LangSmith is a managed platform for observability, debugging, testing, and monitoring LLM applications in production. It includes traces, evaluation suites, dashboards, alerting, and support for automated AI judges and human review.
Is LangSmith free or paid?
LangSmith uses a freemium model. It has a free tier for basic usage, and paid plans raise limits and add features such as team collaboration and enterprise self-hosting.
Does LangSmith cost money?
Yes. LangSmith has a free tier, but production monitoring at higher usage levels requires a paid plan.
What is the difference between LangChain and LangSmith?
LangChain is an open-source Python and JavaScript library for building and orchestrating LLM apps, chains, agents, and workflows. LangSmith is the managed platform used to trace, monitor, evaluate, and debug those apps.
What is the difference between LangSmith and LangGraph?
LangGraph is a library for building stateful, graph-based workflows with branching, looping, and persistent state. LangSmith monitors and evaluates LLM apps, including apps built with LangGraph, but it does not manage execution flow itself.
What is LangSmith used for?
Teams use LangSmith to inspect traces, debug agent behavior, run evaluations, monitor production systems, and review app performance over time. It is aimed at LLM applications that need testing and observability before and after launch.
Does LangSmith support trace visualization and debugging?
Yes.
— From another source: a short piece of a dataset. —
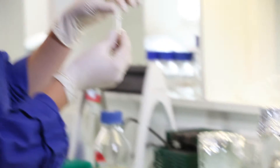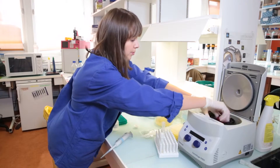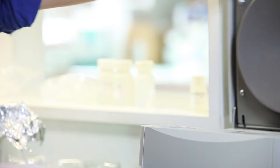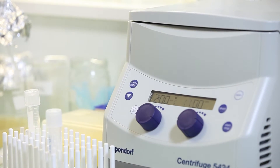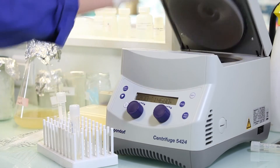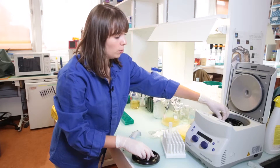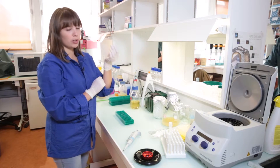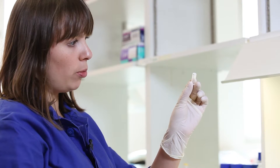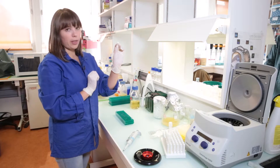We discard the filter flow-through and replace the column. Now we have to dry the column to remove all ethanol. For this we will centrifuge two minutes at maximum speed without any solution added to the column. At this step it's essential to make sure that there is no ethanol left in the tube. If you want to check if there is still ethanol left, you can flick the tube a little bit with your finger. There are no droplets left, so it means that the column is ethanol free.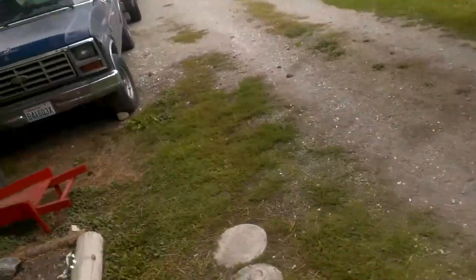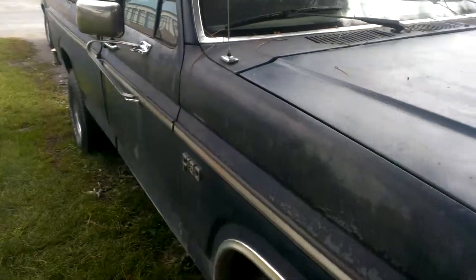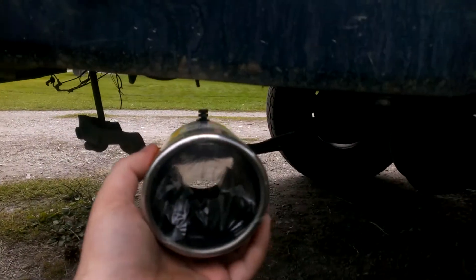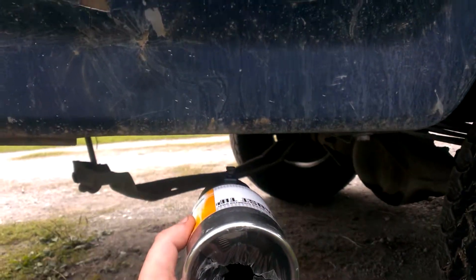I'm gonna tell you guys what my future plans are for this '86 sport F-150. My first plan is to hack the old muffler off right here — I'll probably cut it from right here — because I'm gonna replace it with a brand new muffler and a tailpipe that will be sticking out probably about here. Before I do that I'm gonna snap this on and give you guys an idea of what it'll look like with everything on it. Yeah, right there is probably about as good as it could get.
LangSmith includes step-by-step trace visualization for LLM calls, tool invocations, and agent decisions, with inputs, outputs, latency, token usage, and errors shown at each step.
Does LangSmith work only with LangChain?
Public sources describe deep native support for LangChain and LangGraph. It also integrates with other frameworks, though its ecosystem coverage is often described as more focused on the LangChain stack.
Is self-hosting available for LangSmith?
Yes, self-hosting is available for enterprise users. Public sources also note customer data ownership, AES-256 encryption at rest, and data residency options in the US and EU.
What is the alternative to LangSmith?
Public sources mention Phoenix by Arize, Weights & Biases, and Helicone as alternatives for LLM observability and tracing. Open-source options such as OpenLLMetry or custom logging with LangChain hooks are also cited.
What does the free Developer plan include?
The Developer plan is listed at $0. Research data says it includes 5,000 base traces per month, 1 seat, 1 workspace, and 14-day data retention.
How long does it take to get started with LangSmith?
Research data puts time to first result at 5 to 15 minutes in some cases, and 20 to 30 minutes in others. Setup starts with an API key and workspace creation.
Who is LangSmith best for?
LangSmith is aimed at engineering teams building or planning production LLM apps and agents. It is especially relevant for teams in the LangChain ecosystem that need observability, evaluations, and monitoring.
How much do AI chatbots cost per month?
The research data does not give a LangSmith-specific chatbot price. It notes that for apps using LangSmith, monthly costs can include both LLM provider fees and LangSmith usage, with totals ranging from $10 to $1,000+ per month depending on traffic.